There are pictures in the records below; leave them out and set down exactly the lines from the one holding "Kit de Produto" through the one holding "Club Monaco Black Leather Ankle Boots".

_EXERCISE DATA:_
☆ ☆ ☆ ☆ ☆

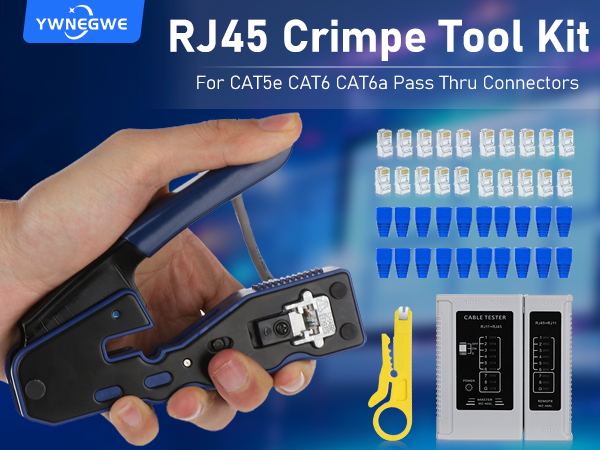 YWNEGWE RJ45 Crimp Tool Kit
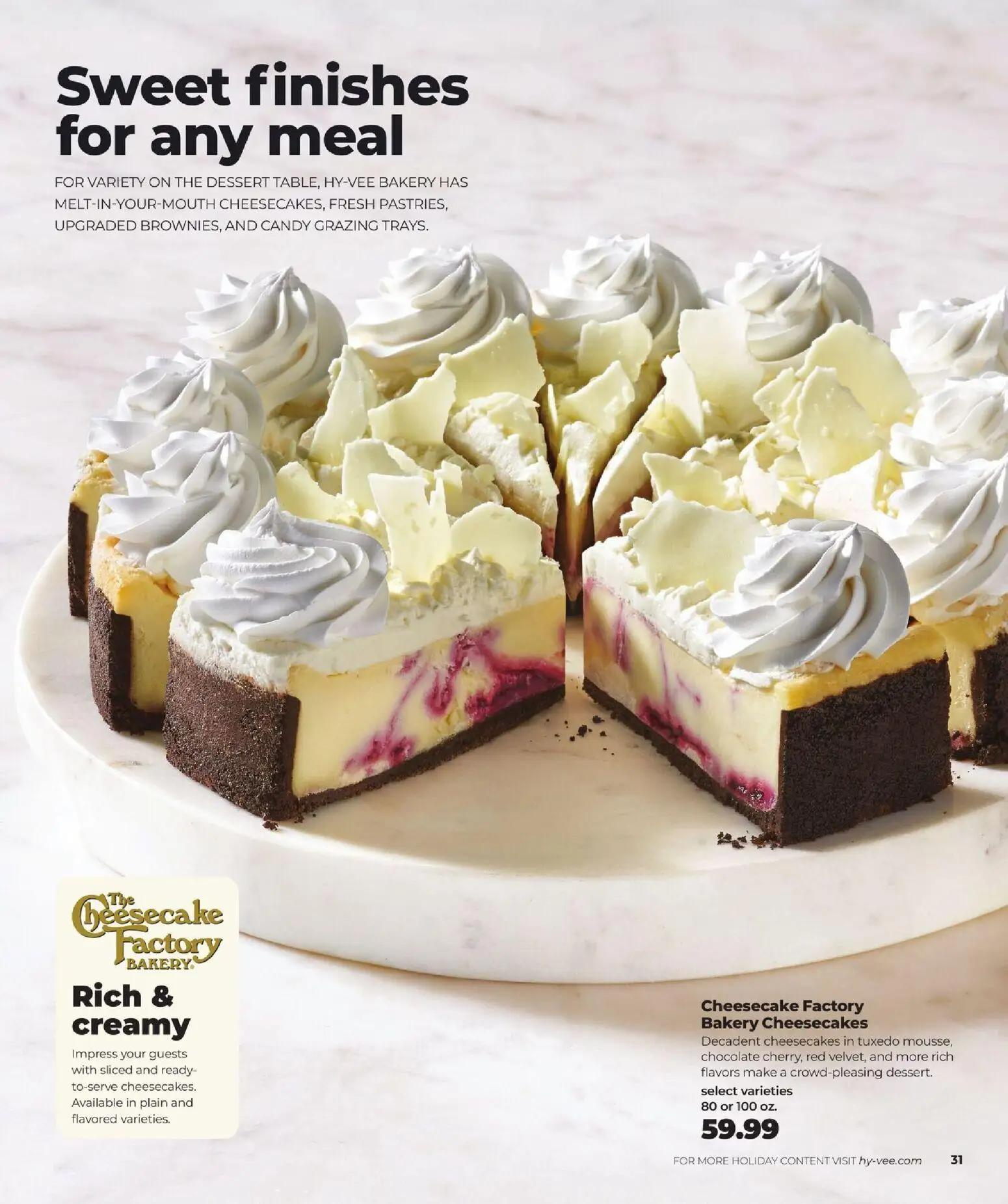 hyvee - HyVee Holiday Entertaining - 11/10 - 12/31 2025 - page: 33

☆ ☆ ☆ ☆ ☆

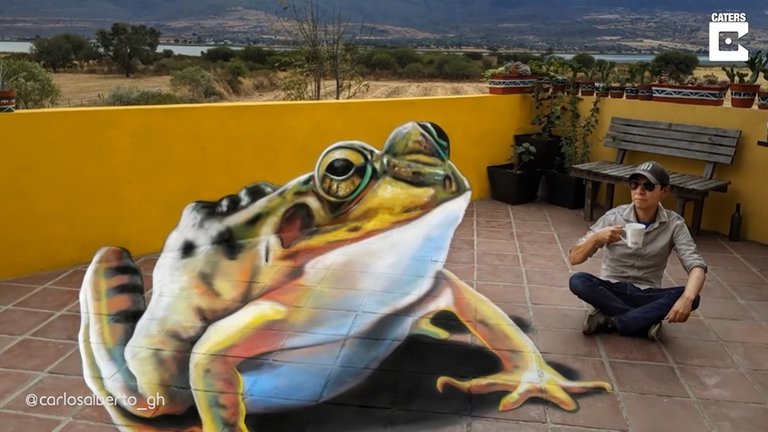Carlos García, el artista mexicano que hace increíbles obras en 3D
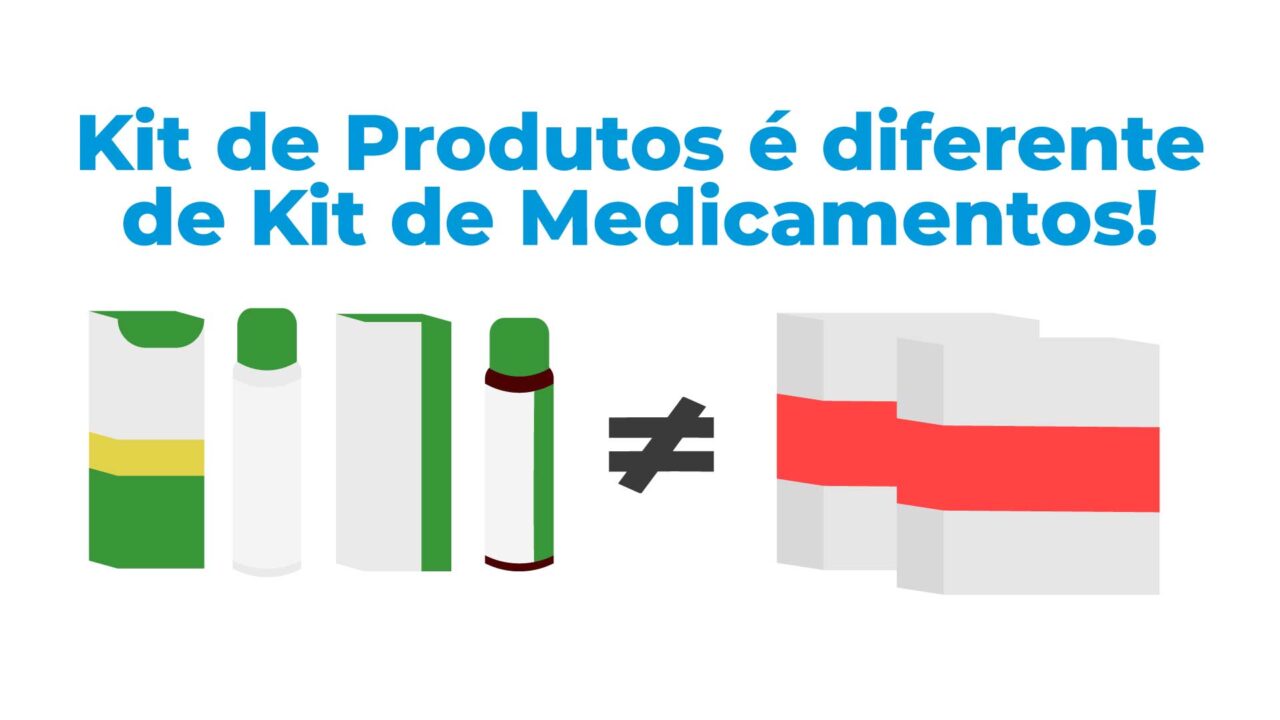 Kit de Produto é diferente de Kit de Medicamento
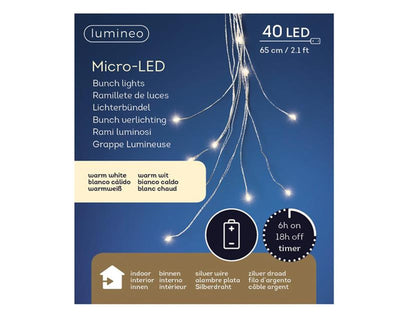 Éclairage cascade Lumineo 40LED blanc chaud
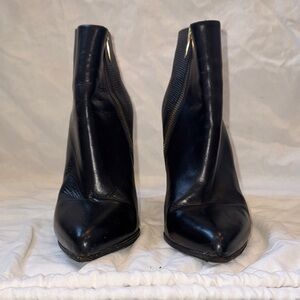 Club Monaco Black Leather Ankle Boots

☆ ☆ ☆ ☆ ☆

_RESPONSE TO THE EXERCISE:_
 Kit de Produto é diferente de Kit de Medicamento
 Éclairage cascade Lumineo 40LED blanc chaud
 Club Monaco Black Leather Ankle Boots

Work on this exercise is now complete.